JWS New Mexico offers oilfield services to oil production companies in southeast New Mexico. See Cross Memo. ¶ 1, at 4 (asserting this fact)(citing Complaint ¶ 12, *1154at 3); Answer ¶ 12, at 3, filed December 18, 2015 (Doc. 23).3 JWS New Mexico is a wholly-owned subsidiary of Kauffmann Co. See Cross Memo. ¶ 2, at 4 (asserting this fact)(citing Complaint ¶ 11, at 2; Answer ¶ 11, at 3).4
Corman and the other Plaintiffs drove trucks for JWS New Mexico; Corman drove for JWS New Mexico from July 20, 2011, to April 6, 2015. See Cross Memo. ¶ 3, at 4 (asserting this fact)(citing Deposition of Richard Corman at 7:23-8:7 (taken May 3, 2016), filed June 17, 2016 (Doc. 41-2)("Corman Depo."). The Plaintiffs hauled water products to oil drilling rigs and removed waste products, such as mud, from the rigs. See MSJ ¶ 1, at 2 (asserting this fact)(citing Deposition of Dimas Herrera at at 8:10-22 (taken May 5, 2016), filed June 17, 2016 (Doc. 42)("Herrera Depo."); Corman Depo. at 8:23-9:8).5 The Plaintiffs often worked more than forty hours per workweek, see Cross Memo. ¶ 4, at 4 (asserting this fact)(citing Corman Depo. at 18:14-17),6 but they largely worked six days in a row, followed by two days off, see MSJ ¶ 2, at 2 (asserting this fact)(citing Corman Depo. at 9:14-23; Deposition of Renee De La Torre at 22:23-25 (taken May 4, 2016), filed June 17, 2016 (Doc. 39-3)("De La Torre Depo.") ).7
During a six-day shift, the Plaintiffs did not work consistent hours; Corman worked "two days to three days straight," went home, returned, and repeated the work. MSJ ¶ 3, at 3 (asserting this fact)(quoting Corman Depo. at 10:6-11).

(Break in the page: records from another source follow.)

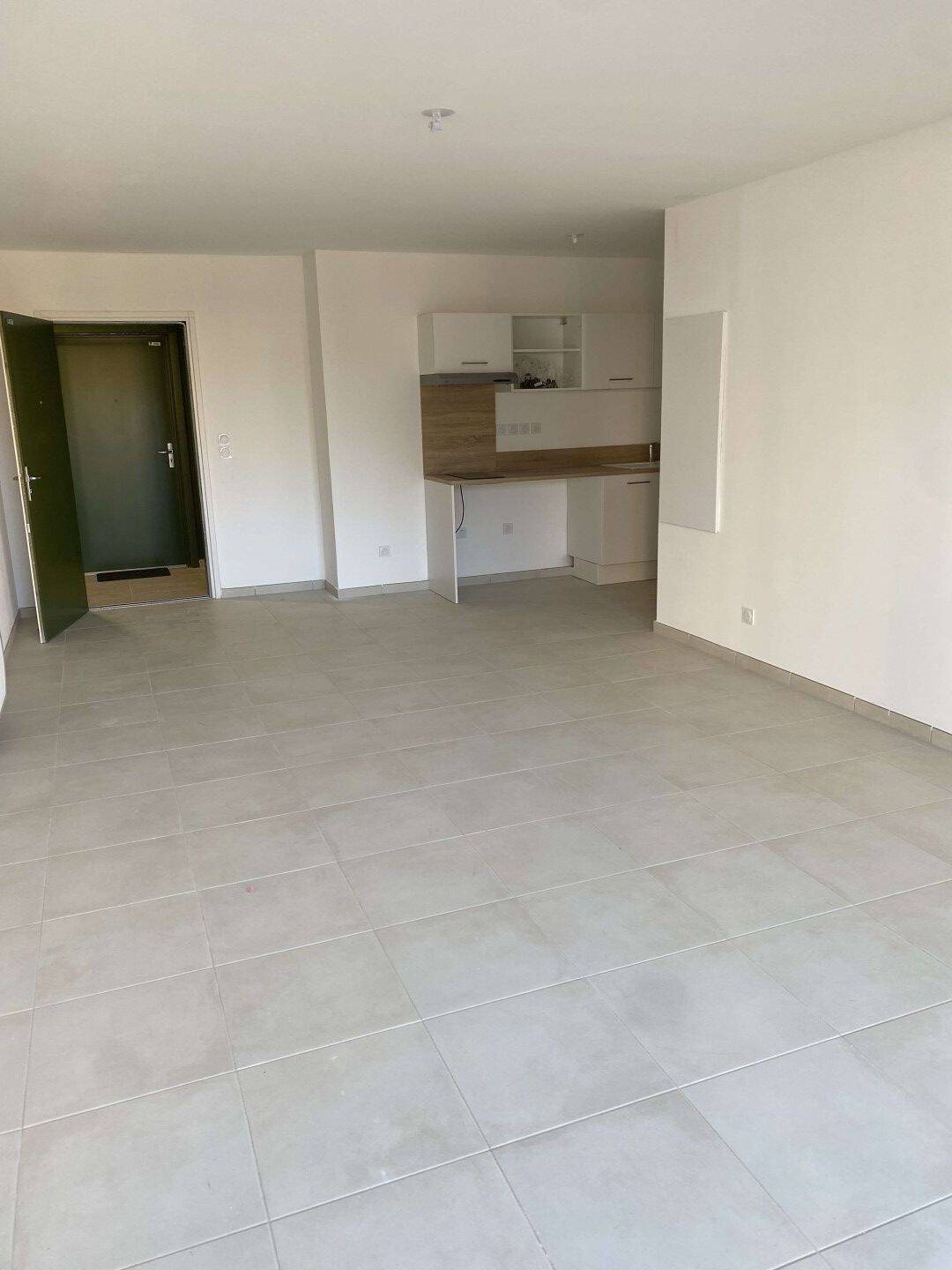 Appartement à louer, 68m², Cavalaire-sur-Mer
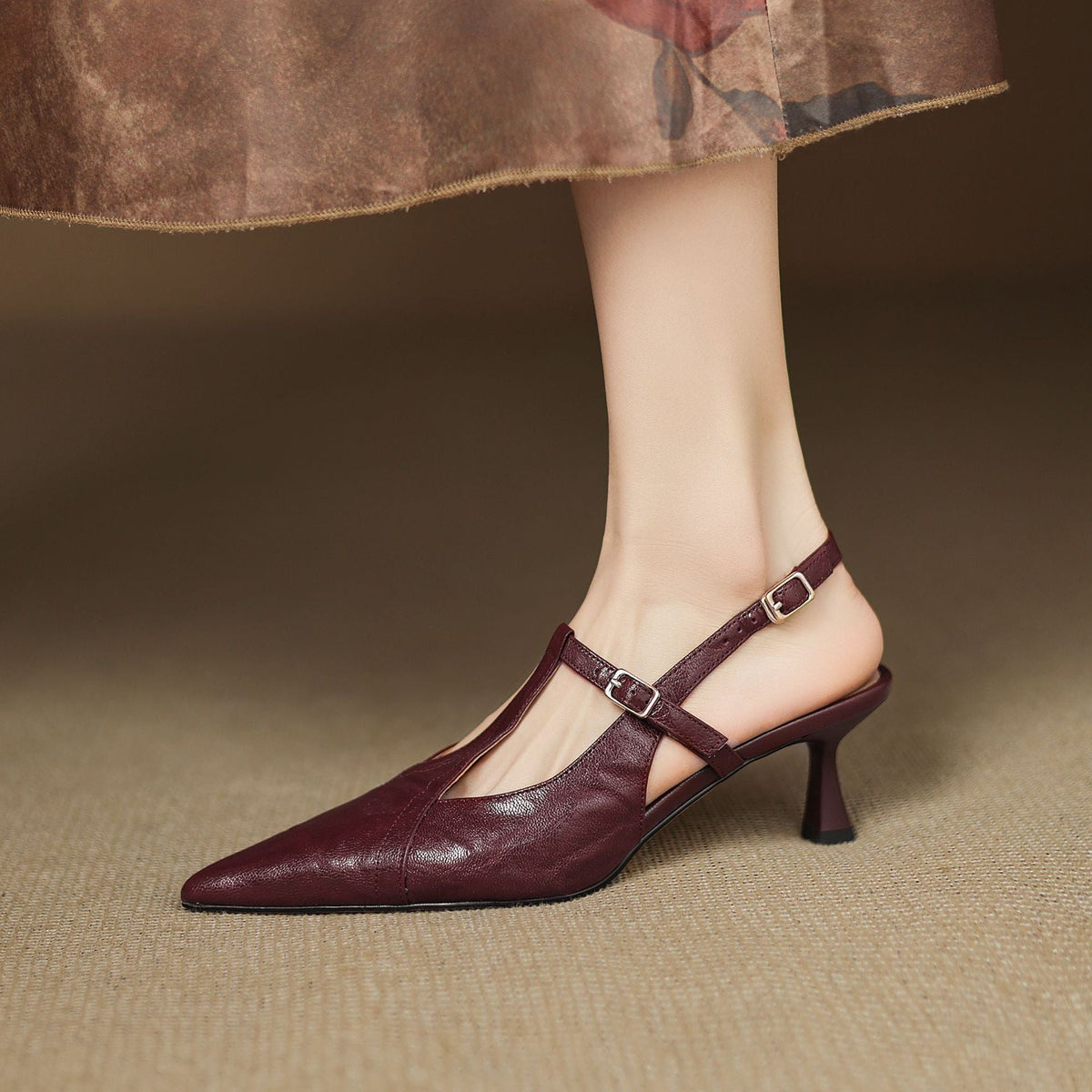 Women's Pointed Leather Heels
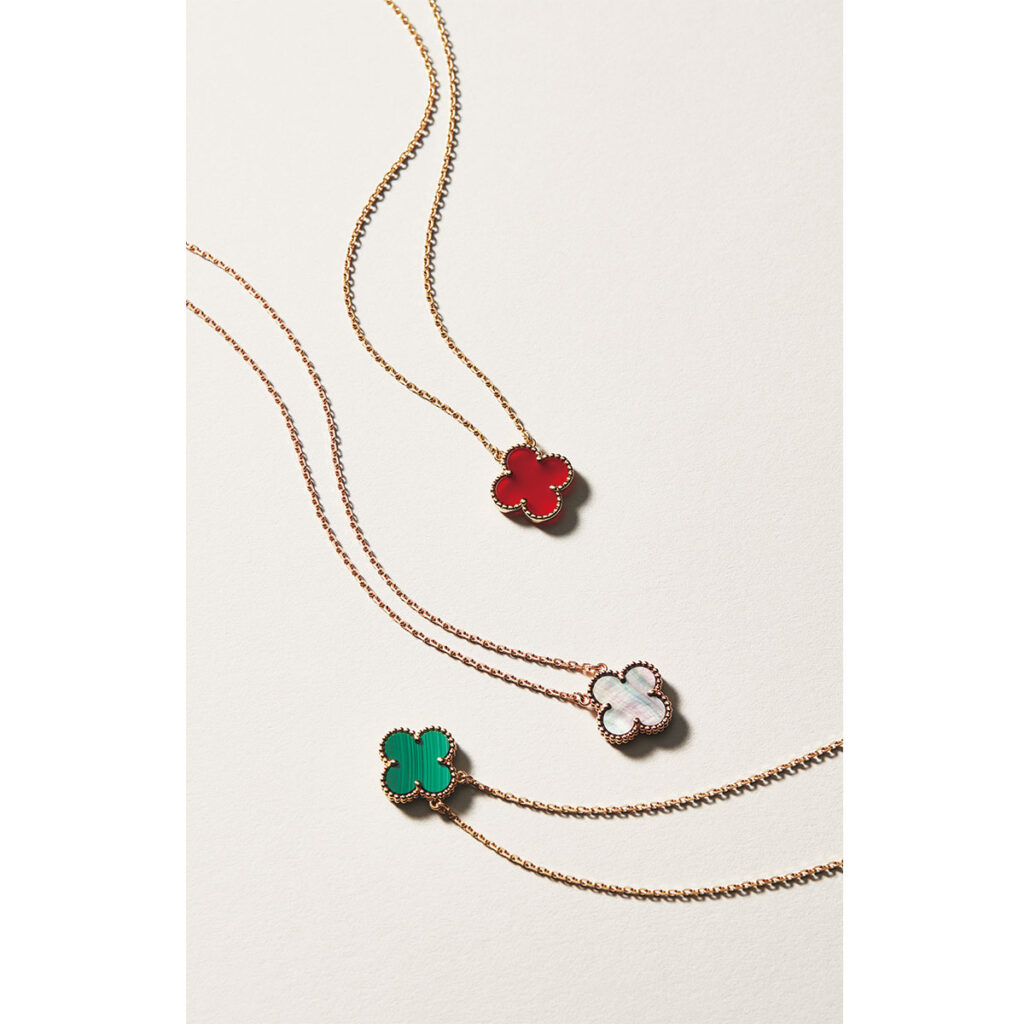 アルハンブラのペンダント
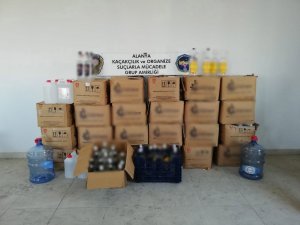 Alanya’da içki imalathanesi gibi eve polis baskını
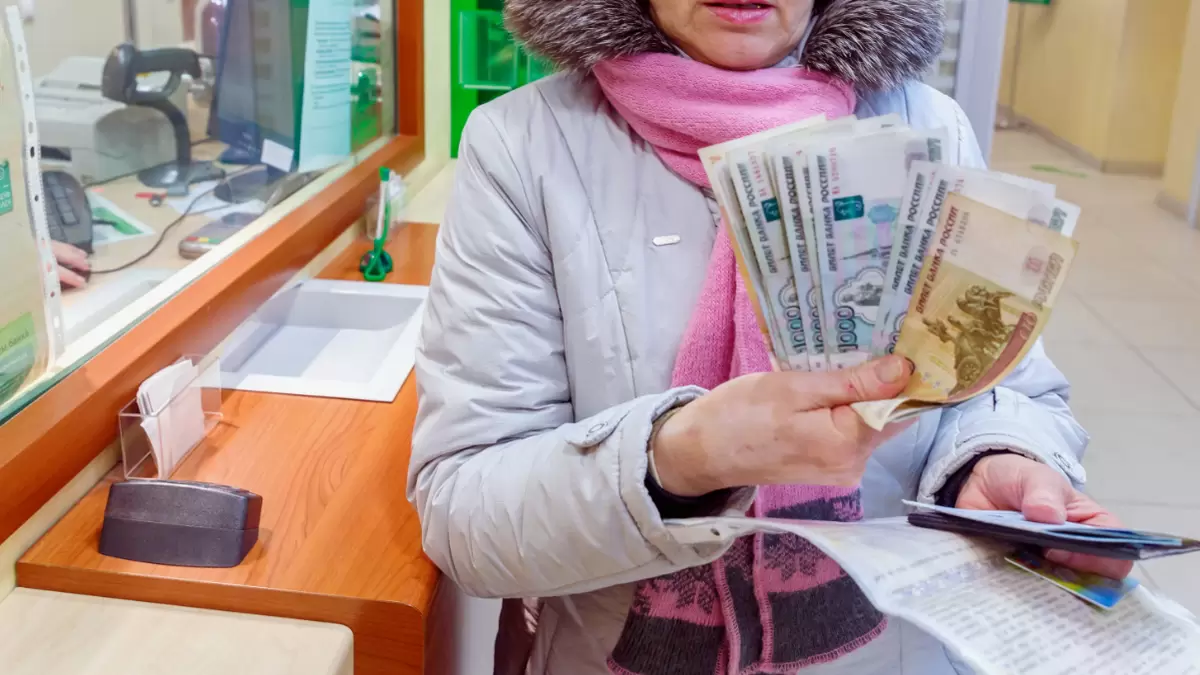 Доплата к пенсии: как получить надбавку за советский стаж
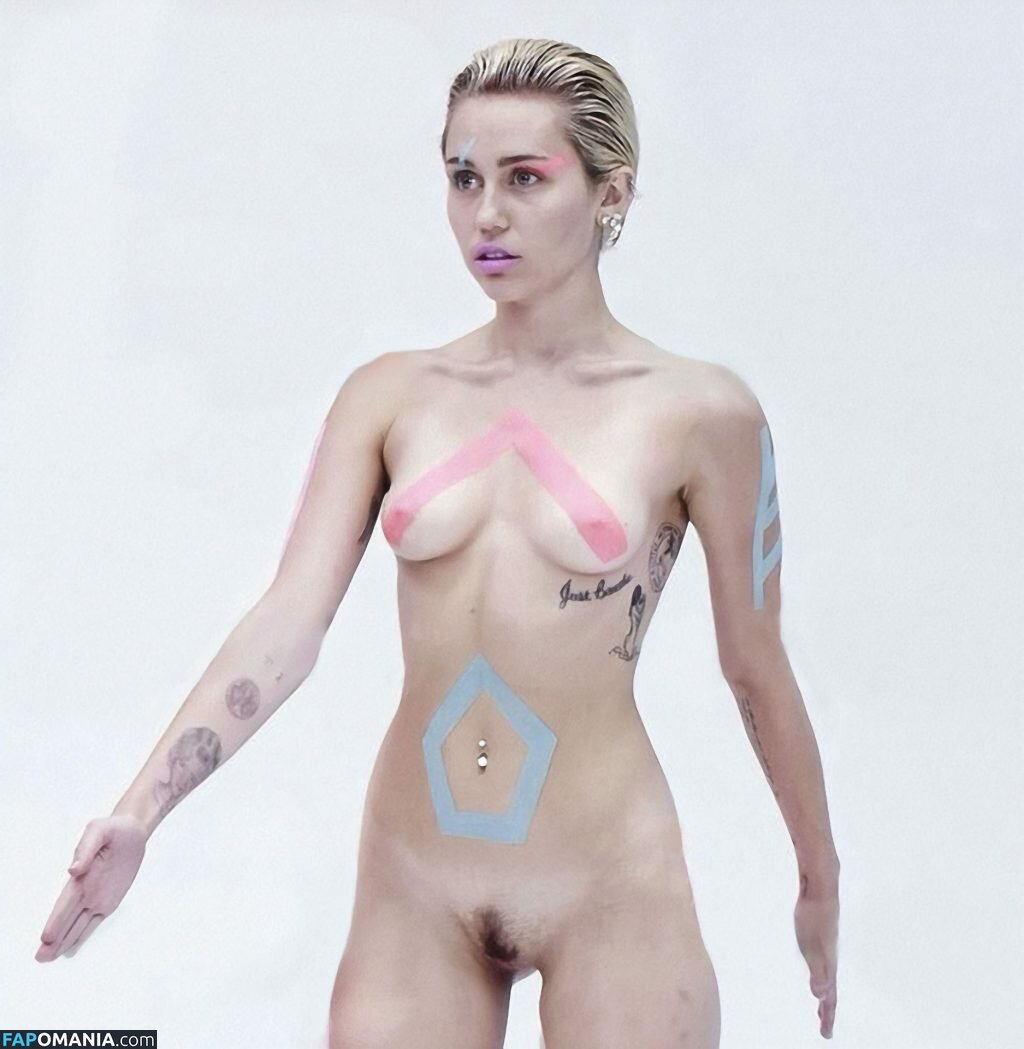 Miley Cyrus Nude Leaked Photo #61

Fluctuations in the oil industry also affected the Plaintiffs' work hours, because they would work more when prices and demand for their services were high. See MSJ ¶ 9, at 3-4 (asserting this fact)(citing Herrera Decl. ¶ 4, at 1-2).17 JWS New Mexico's gross monthly revenue varied significantly between months and between years. See MSJ ¶ 10, at 4 (citing Declaration of Richard Stults ¶ 3, at 1-2 (executed on June 15, 2016), filed June 17, 2016 (Doc.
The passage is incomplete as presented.